Reputation: 53
How can I get various words from a string(URL) in python? From a URL like:
http://www.sample.com/level1/level2/index.html?id=1234
I want to get words like:
http, www, sample, com, level1, level2, index, html, id, 1234
Any solutions using python.
Thanks.
Upvotes: 2
Views: 2307
Reputation: 7091
This is how you may do it for all URL
import re
def getWordsFromURL(url):
return re.compile(r'[\:/?=\-&]+',re.UNICODE).split(url)
Now you may use it as
url = "http://www.sample.com/level1/level2/index.html?id=1234"
words = getWordsFromURL(url)
Upvotes: 5
Reputation: 140168
just regex-split according to the biggest sequence of non-alphanums:
import re
l = re.split(r"\W+","http://www.sample.com/level1/level2/index.html?id=1234")
print(l)
yields:
['http', 'www', 'sample', 'com', 'level1', 'level2', 'index', 'html', 'id', '1234']
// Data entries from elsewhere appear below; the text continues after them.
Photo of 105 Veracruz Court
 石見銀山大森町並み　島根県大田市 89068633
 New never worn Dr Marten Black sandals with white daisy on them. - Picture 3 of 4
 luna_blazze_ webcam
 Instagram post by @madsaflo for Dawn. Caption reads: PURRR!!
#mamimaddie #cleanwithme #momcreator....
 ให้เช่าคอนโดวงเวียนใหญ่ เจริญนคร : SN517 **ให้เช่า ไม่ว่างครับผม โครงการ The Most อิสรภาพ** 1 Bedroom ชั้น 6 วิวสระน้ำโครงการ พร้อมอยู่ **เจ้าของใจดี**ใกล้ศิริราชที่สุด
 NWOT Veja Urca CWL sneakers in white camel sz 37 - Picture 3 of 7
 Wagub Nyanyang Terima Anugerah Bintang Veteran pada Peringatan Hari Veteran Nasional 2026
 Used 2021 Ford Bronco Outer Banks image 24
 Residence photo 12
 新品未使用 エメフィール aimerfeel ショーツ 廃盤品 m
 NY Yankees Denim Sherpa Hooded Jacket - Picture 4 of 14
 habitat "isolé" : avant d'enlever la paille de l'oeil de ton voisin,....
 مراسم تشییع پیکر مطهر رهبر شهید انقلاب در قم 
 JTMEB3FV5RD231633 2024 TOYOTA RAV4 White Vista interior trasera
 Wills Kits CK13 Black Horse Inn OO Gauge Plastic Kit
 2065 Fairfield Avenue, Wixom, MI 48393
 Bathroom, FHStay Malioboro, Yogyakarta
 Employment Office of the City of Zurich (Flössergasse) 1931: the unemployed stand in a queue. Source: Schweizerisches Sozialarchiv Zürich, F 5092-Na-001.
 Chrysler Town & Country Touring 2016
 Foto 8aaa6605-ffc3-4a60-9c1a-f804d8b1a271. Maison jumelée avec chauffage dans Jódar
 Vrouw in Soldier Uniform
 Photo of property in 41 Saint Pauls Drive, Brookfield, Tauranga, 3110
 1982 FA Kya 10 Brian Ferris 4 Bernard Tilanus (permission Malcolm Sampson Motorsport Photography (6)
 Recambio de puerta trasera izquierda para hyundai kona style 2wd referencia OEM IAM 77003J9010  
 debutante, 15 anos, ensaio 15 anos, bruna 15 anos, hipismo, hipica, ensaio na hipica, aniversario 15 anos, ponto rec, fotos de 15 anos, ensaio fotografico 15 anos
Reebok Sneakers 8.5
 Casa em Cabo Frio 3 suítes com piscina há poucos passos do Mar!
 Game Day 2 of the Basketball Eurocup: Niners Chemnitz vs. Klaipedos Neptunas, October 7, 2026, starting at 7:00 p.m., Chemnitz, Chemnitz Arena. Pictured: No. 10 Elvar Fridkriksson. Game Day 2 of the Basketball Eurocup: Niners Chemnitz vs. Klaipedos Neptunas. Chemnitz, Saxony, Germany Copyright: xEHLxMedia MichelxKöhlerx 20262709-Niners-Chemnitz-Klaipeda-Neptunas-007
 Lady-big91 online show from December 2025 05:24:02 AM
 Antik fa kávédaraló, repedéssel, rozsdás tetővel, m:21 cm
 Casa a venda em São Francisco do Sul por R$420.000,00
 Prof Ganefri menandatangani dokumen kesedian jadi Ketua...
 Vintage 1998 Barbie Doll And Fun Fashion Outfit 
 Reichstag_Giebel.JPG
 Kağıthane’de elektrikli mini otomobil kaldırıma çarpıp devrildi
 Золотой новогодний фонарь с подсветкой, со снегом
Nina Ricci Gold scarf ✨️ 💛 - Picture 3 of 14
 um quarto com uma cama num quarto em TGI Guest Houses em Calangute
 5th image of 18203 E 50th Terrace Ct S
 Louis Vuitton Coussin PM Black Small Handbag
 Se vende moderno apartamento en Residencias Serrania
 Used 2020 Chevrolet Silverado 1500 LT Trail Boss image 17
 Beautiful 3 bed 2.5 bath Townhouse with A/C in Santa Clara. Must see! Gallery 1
This is simple but as someone noted, doesn't work when there are _
, -
, ... in URL names. So the less fun solution would be to list all possible tokens that can separate path parts:
l = re.split(r"[/:\.?=&]+","http://stackoverflow.com/questions/41935748/splitting-a-string-url-into-words-using-python")
(I admit that I may have forgotten some separation symbols)
Upvotes: 2